I climbed on the table as she lit the incense and the smoke started to fill the room.
“This is not going to be a massage like you’re used to,” she explained, again in Spanish. “I am going to read your body. It is going to be psychological, as well. I will ask you questions and you answer. If you need to scream, scream. If you need to cry, cry.”
I clenched in fear. I wanted to say, “um...what?” but again, I was in her home experiencing her culture. So I braced myself.
It started like any other massage as she rubbed my body with oils working on kinks and knots. But it took a very decided turn shortly after.
“Tell me about your mother,” she said, as she dug her hands deep into pressure points. I let out a scream. It was physical pain like I had not felt before. No, this was not like any massage I've ever had before.
I had only so much time to recover until we started talking about love. I told her about my last great love, and loss, which had happened the year prior - a complicated story that ultimately ended with heartbreak and ghosting. That’s when the tears came. Uncontrollable waves of tears.
“Your love was real,” she said to me. “You think that he did not love you, but he did. He might still. Do not let the fear win that what you shared was not real. It still was,” she said. Not once did I tell her that was my fear - but it absolutely was.
After the tears and the screaming and the deep dive into my untouched neuroses, she handed me my clothes to put on.
“When you came here your body was hunched. Now you stand tall,” she said. That may have been true, but I felt no different. Well, minus the pain and the emotional scarring.
“You might be sick tonight. There was a lot of negativity holding you back,” she added. I felt fine.
I found a taxi on the main road and took it back to my hostel where I happily got back into bed with my book.

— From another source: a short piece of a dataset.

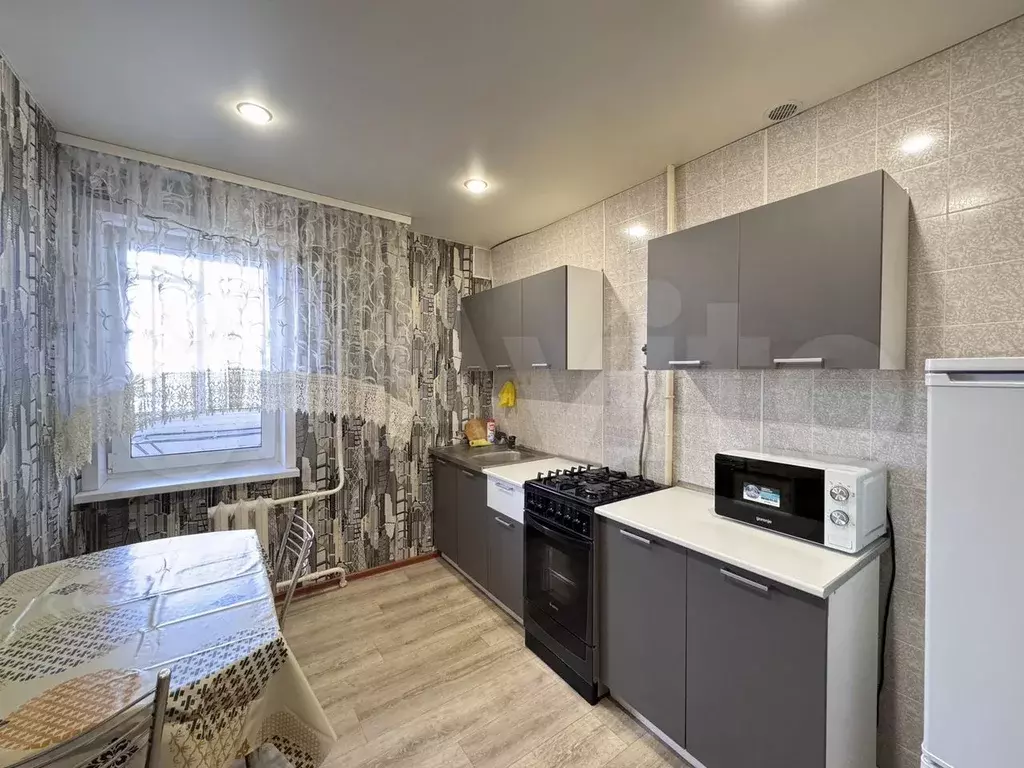 1-к. квартира, 34 м, 8/10 эт. - Фото 0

About an hour or so later the chills started. My temperature rocketed up to 100 degrees, while I shook feverishly, and in disbelief, under my blanket. I fell into a sick sleep, sweating and freezing from the fever.
When I woke two hours later, tired and woozy, I glanced at my phone to see the time. What I saw took the wind right out of my lungs. It was a text from my ex.
“Meagan, I have been wanting to write to you for a long time. I am sorry for hurting you. I know you think I don’t think of you, but I think of you all the time. I just wanted to say I’m sorry.”
My jaw dropped to the floor in disbelief. That tale is another story for another time. But you can bet your ass that I now have a soft spot for a little bit of magic.